The Bear Bryant Hilton
Football may not be king at the University of Alabama, but it lives like one in the ultimate of athletic dormitories. Coach Paul (Bear) Bryant's palace-away-from-home for proven players cost $1 million when completed in the spring of 1963. Brick colonial on the exterior, Italian provincial inside, the dorm is fully air-conditioned and houses 130 boys, two to a spacious room (upper right), 100 of them football players, 20 basketball, six baseball and four track men. Golfers, tennis players or swimmers might qualify "if they're winners," says Publicist Charley Thornton. The dorm has a library, two study rooms, a recreation room, a TV room with a 23-inch color television set, and two full-time dieticians to make the dining room hours (opposite) pass heartily. Steak is served every night and twice on Saturday. There are four luxury guest rooms for visiting mamas and papas.
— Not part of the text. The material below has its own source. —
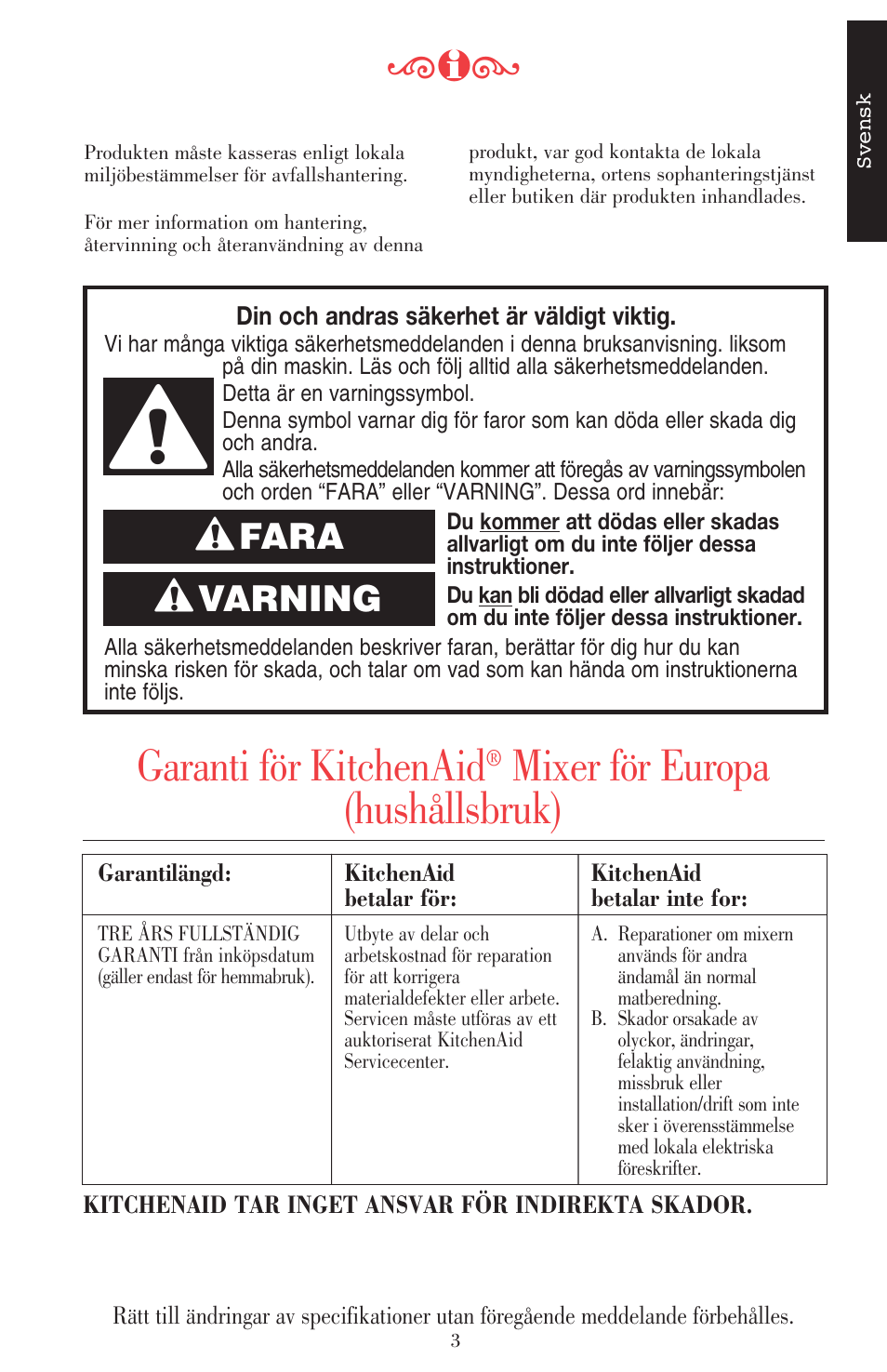 Garanti för kitchenaid, Mixer för europa (hushållsbruk), Varning | Fara | KITCHENAID ULTRA POWER 5KSB52XXXX User Manual | Page 131 / 255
A swimming pool is to be added off the back (it was not put in immediately because, as Coach Bryant's wife said, "some people might think it a bit much") and Bryant has ordered a fountain for the front lawn. Last April the state legislature named the dorm Paul W. Bryant Hall, but it may be having second thoughts. Already this season Alabama has lost, and some legislators may be wondering if life has not become just a little too soft in Paul W. Bryant Hall.
It could be the lobby of the Fontainebleau Hotel in Miami Beach. It is, in fact, the entrance foyer of the athletes' dorm, where players and a proud Paul Bryant pose among marble columns, Italian lanterns and prints of Roman ruins.